Is the popularity of unit tests waning? - edw519
http://binstock.blogspot.com/2008/05/is-popularity-of-unit-tests-waning.html

======
ardit33
Unit testing hast it's own use, but I never really drunk the kool-aid.

In my experience with unit testing:

1\. It doesn't help much if you are working in client side enginering. No
matter how clever your unit test is, it can't help on detected ui rendering
errors, animations, or multithreading programming.

2\. Java + unit test, means you have to throw away all encapsulation, and good
OO design to apease your unit tests, exposing your program to your coworkers
to create havock by calling methods that shouldn't be visible to them.

3.Unit tests can give you a false sense of security. Oh, look, it passed the
unit tests, my code must be good. Well, most of the time unit tests != real
world scenarios.

4\. TDD (test driven design) of software, can be slow. I would recommend it to
all my competitors. In a startup, I'd rather release something fast, that
might be still little buggy, than something that works well, but it took
forever to get there. Plus TDD is constraining, as you are programming around
your tests, and not around what the user will see. I found often, that my
final design on a functionality, is different from how I thought it would be
at the beginning. When working in large systems, you don't have the luxury to
know how your final design will be.

5\. Unit testing stiffles creativity in design, goes against "Exploratory
programming". If you already know the answer on what you are building when you
start, then you probably are not exploring around.
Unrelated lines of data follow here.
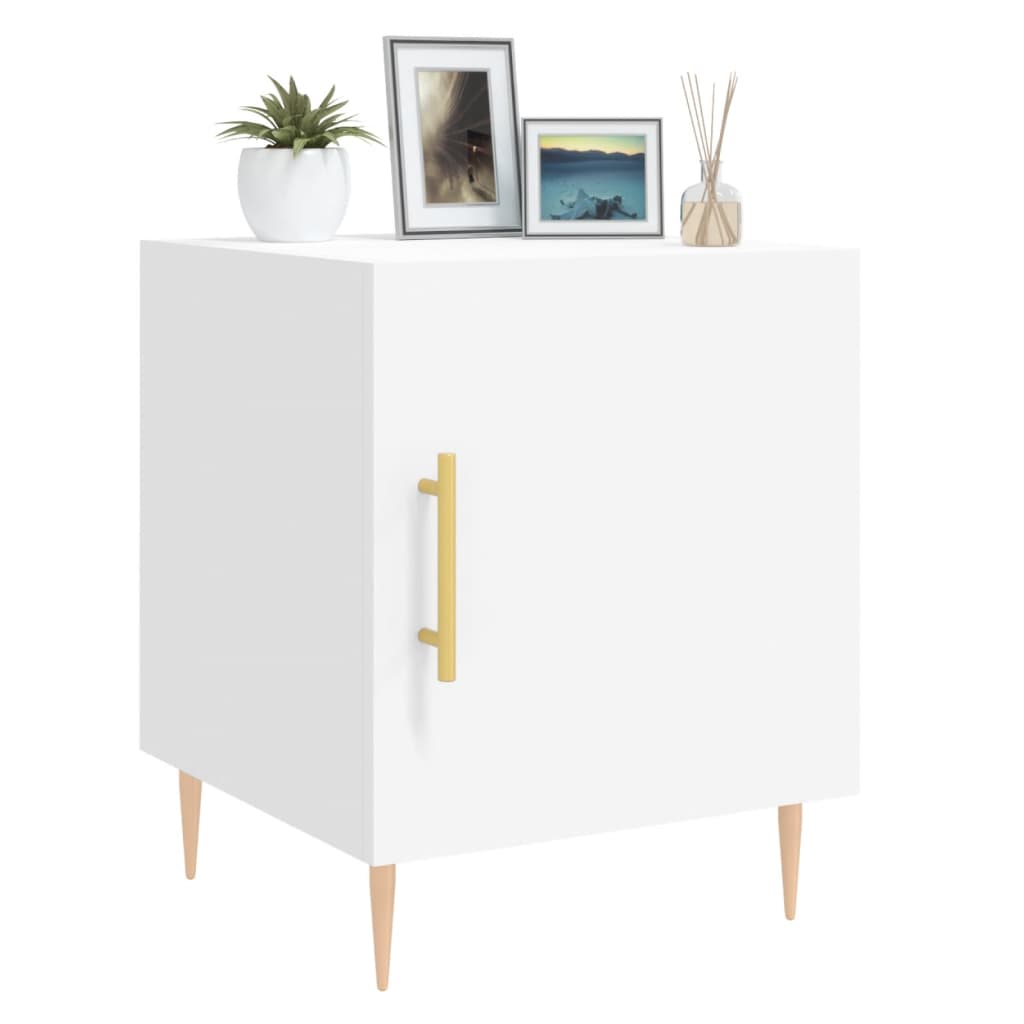 vidaXL Bedside Cabinet White 40x40x50 cm Engineered Wood
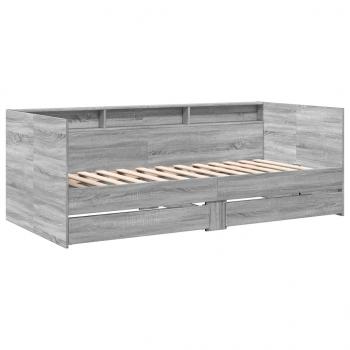 Tagesbett mit Schubladen Grau Sonoma 75x190 cm Holzwerkstoff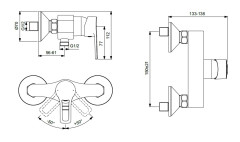 BA398AA VIDIMA HYPE Настенный смеситель для душа, керамический картридж 35 мм, функция HWTC, без функции CLICK
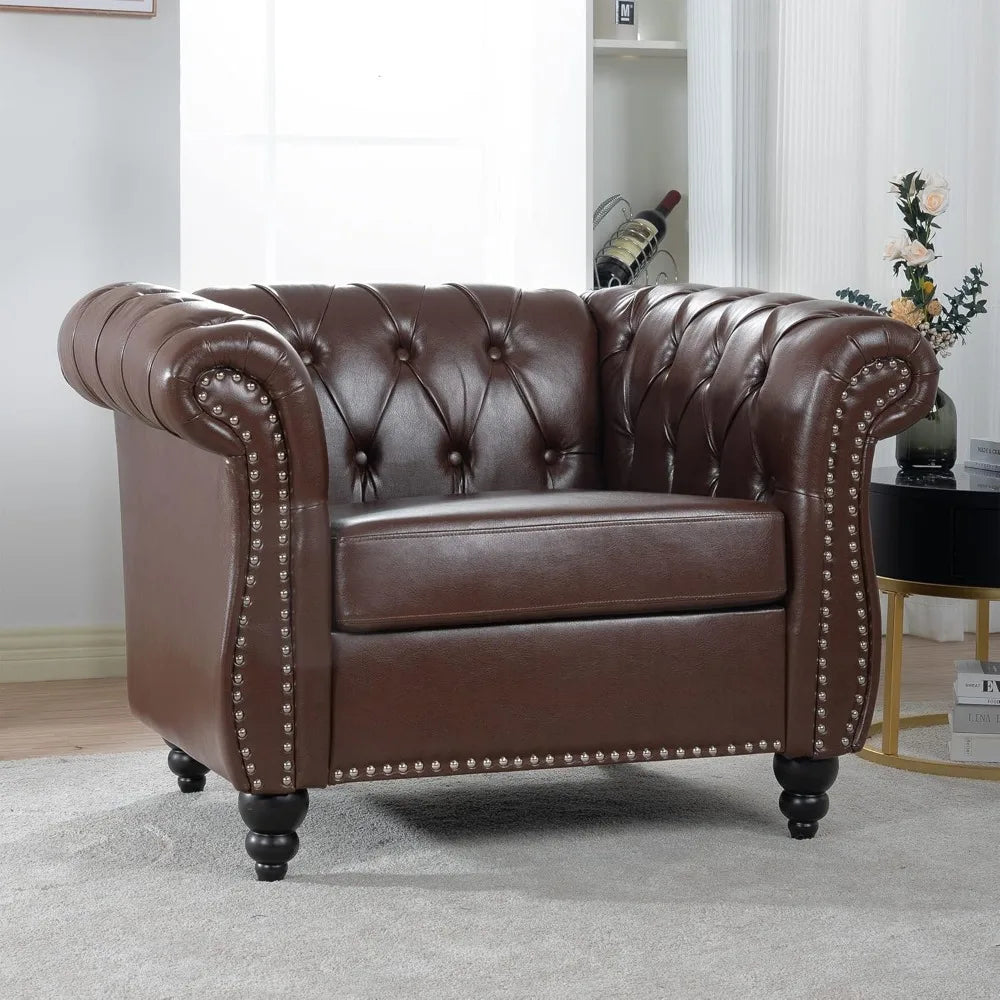 Leather Chesterfield Chair Mid Century Modern Tufted Rolled Armchair For Home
6\. Unit testing != fun. Honestly, I'd rather be implementing features, than
testing them.

Where unit testing is good:

1\. When building an api that will be used by other people amd that is more
static, less fluid. As oposed to UI enginering, something like geoCoding
api's, have simple and clear results. That is very easy to unit test, as the
value returned by the api is within a determined range, and the unit tests can
be few, simple, and clear.

2\. Scripting languages. Unit testing helps on detecting errors, where in a
static language they would have been caught earlier. Plus it is much more
easier to unit test on something like Python, then something like Java, or god
forbid C/C++.

3\. Coorporate enviroment. If you are waiting for something form a different
group/department, you can build some unit tests to test if this group's code
is meeting minimum standards.

Overrall Unit testing has its place, but be careful not to rely on it too
much. It can't be substitue to real testing.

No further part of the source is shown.